▸ Task:
For the entries that follow, retype exactly the lines from the one containing "(100x100, 19Kb)" to the one containing "Logitech-Ergo-M575-Titelbild-1923559620.jpg", inclusive, and only those. Images stay out of the copy.

Start of Data for analysis

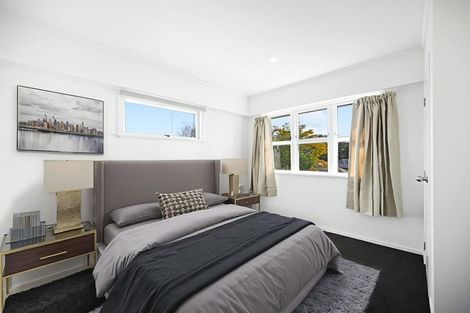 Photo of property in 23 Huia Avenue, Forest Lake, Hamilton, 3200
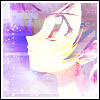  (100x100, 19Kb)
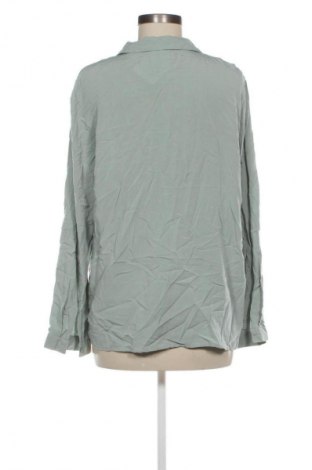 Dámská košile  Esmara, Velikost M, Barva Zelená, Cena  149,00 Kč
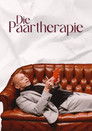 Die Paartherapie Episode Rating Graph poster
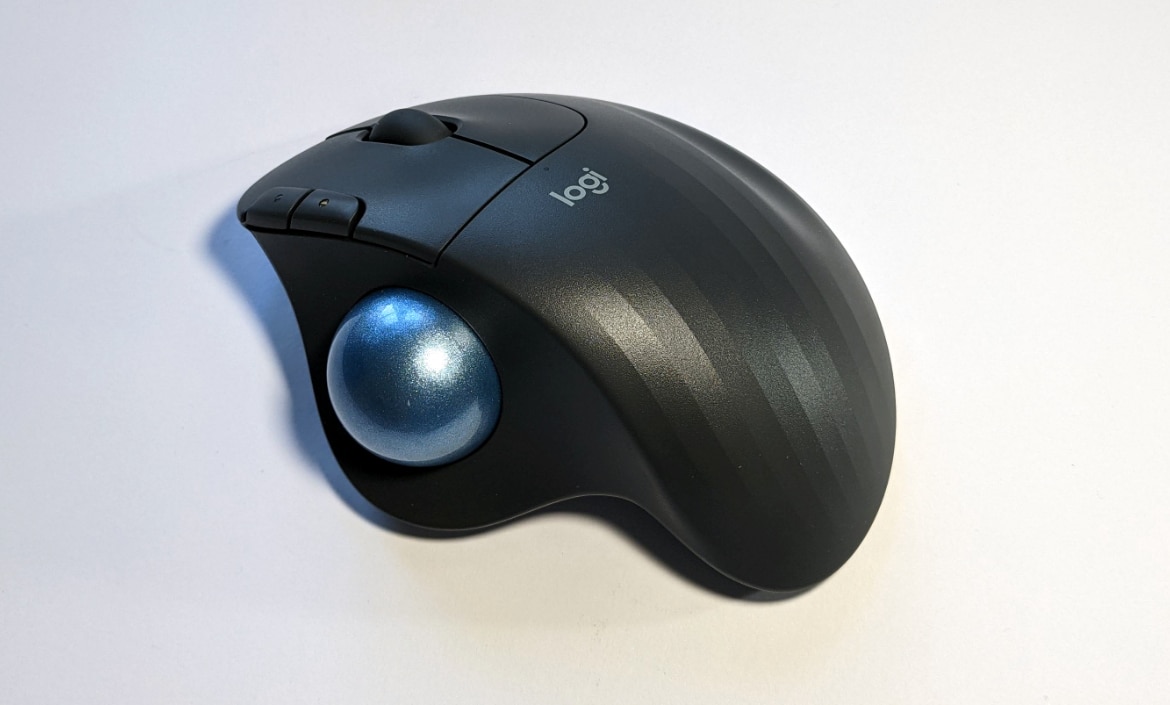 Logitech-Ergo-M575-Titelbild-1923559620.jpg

End of Data for analysis
Start of Data for analysis

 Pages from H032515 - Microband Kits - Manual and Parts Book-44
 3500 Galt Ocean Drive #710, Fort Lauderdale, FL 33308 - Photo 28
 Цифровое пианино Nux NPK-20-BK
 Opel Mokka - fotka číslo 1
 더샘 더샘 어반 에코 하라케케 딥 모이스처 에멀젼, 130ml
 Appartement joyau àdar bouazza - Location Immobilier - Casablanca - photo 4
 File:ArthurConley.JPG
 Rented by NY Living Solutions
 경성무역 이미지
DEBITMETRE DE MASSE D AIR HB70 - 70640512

End of Data for analysis
Start of Data for analysis

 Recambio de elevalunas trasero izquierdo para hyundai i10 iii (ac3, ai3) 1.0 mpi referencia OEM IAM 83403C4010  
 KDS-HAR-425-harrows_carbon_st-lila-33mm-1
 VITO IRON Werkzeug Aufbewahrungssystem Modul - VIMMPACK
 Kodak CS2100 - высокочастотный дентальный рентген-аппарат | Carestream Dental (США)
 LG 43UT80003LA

End of Data for analysis

▸ Answer for this exercise:
  (100x100, 19Kb)
 Dámská košile  Esmara, Velikost M, Barva Zelená, Cena  149,00 Kč
 Die Paartherapie Episode Rating Graph poster
 Logitech-Ergo-M575-Titelbild-1923559620.jpg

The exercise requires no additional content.